The *REAL* resistance heroes of Iraq (that stooges of Zionism and Iran don’t want you to know about)
Hint: they were Ba’athists.
One of the most despicable lying slanders against the last (and monumentally great) Iraqi president Saddam Hussein is the commonly trotted-out binary supposition that “Saddam was a Sunni tyrant who repressed and persecuted the Shi’a majority,” a reductionist narrative promoted by both Zionist-created Salafi-jihadists glorifying a falsely distorted image of Saddam and likewise by Zionist-created Khomeinists who promote that exact same narrative to misleadingly portray all of Iraq’s Shi’a Arab majority as inherently represented by Iran’s Persian-centric Velayet al-Faqeh self-defined ecclesiastical authority.
The notion that “Saddam was anti-Shi’a and hated by all of Iraq’s Shi’a” rivals the absurdity of the inverse case study in Syria, where Bashar al-Assad was long accused (and still is!) of being “anti-Sunni” against the Sunni majority of Syria. Just as Bashar’s government could not last that long without tacit plurality (if not majority) support from Syria’s ~70% Sunni majority, likewise Saddam’s government could not last that long without tacitly significant support from Iraq’s ~60% Shi’a majority. More on the analytical dissection of the Syrian case study another time, perhaps soon.

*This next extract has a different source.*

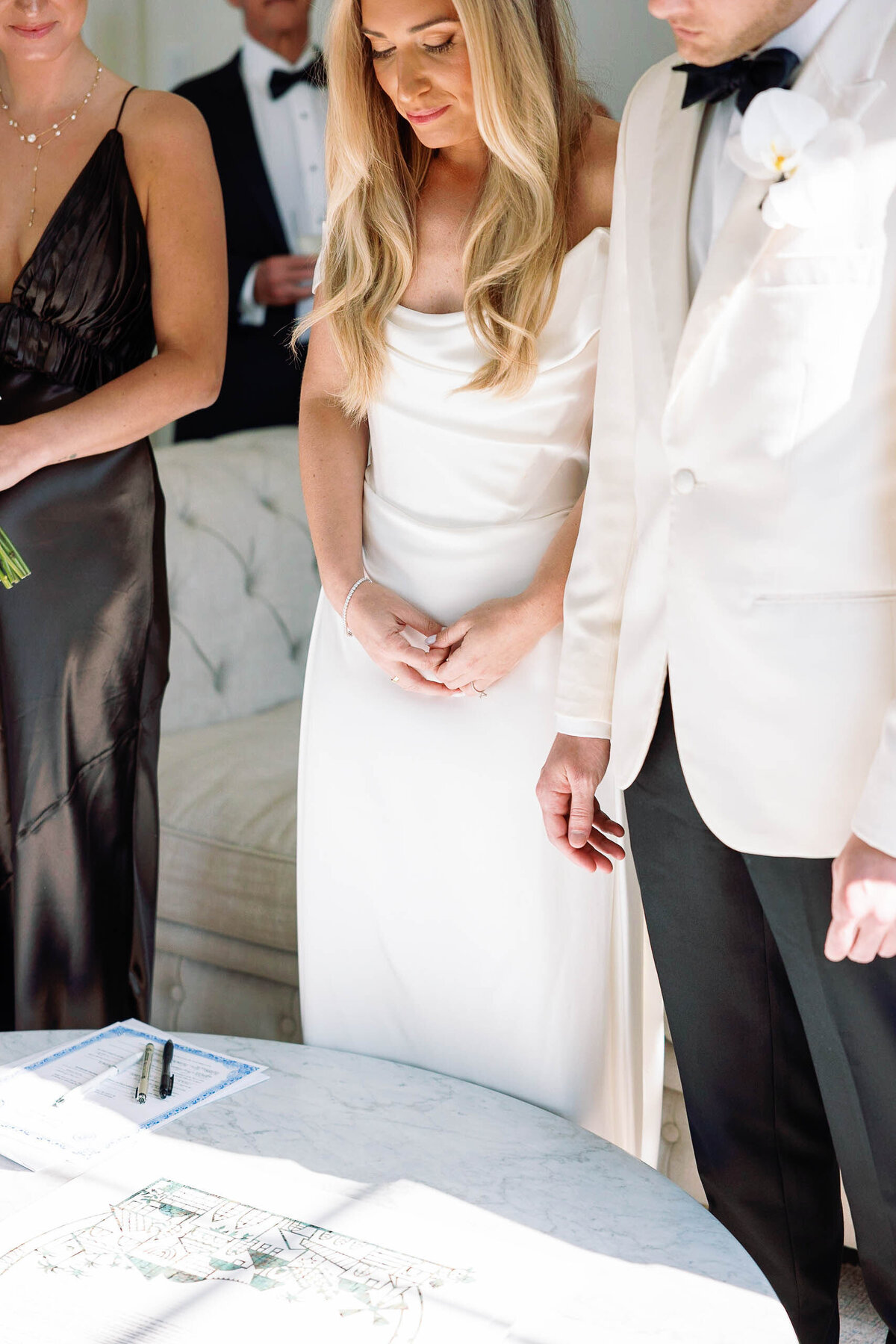 64_bride-groom-ketubah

To cut down on lengthy background explanations: in a nutshell, Saddam Hussein implemented an increasingly schizophrenic umbrella of national policy as the Iran-Iraq War dragged on and harrowing losses were sustained vis-à-vis long-sought efforts to win over the hearts of Iraq’s Shi’a Arab Islamic majority particularly from the south. After the disastrous Gulf War and subsequent sectarian uprisings leading to brutal counterinsurgency reprisals against the southern Shi’a cities harboring insurrection, Saddam’s cross-sect appeal was grievously damaged, and implemented the “Faith Campaign” in an effort to unify both the Sunni and Shi’a around an Iraqi Arab identity of a largely Sufi theological orientation in resolutely firm rejection of both Salafi-jihadism/Wahhabism and Khomeinism.1 (contrary to the “Iraqi Ba’athists promoted Islamic fundamentalism” canard, Saddam’s regime proscribed the death penalty for Salafi-jihadist/Wahhabi adherents2) Roughly concurrent—or otherwise representing an outgrowth—to that state-sponsored Islamic trajectory was of course the establishment of Fedayeen Saddam, a tyrannically brutal paramilitary of irregulars operating as Ba’ath-loyalist enforcement goons, amongst various late-Ancien Régime shenanigans as the inevitably hardened reactive spirit subsequent to the manifested horrors of foreign-provoked sectarian insurrection.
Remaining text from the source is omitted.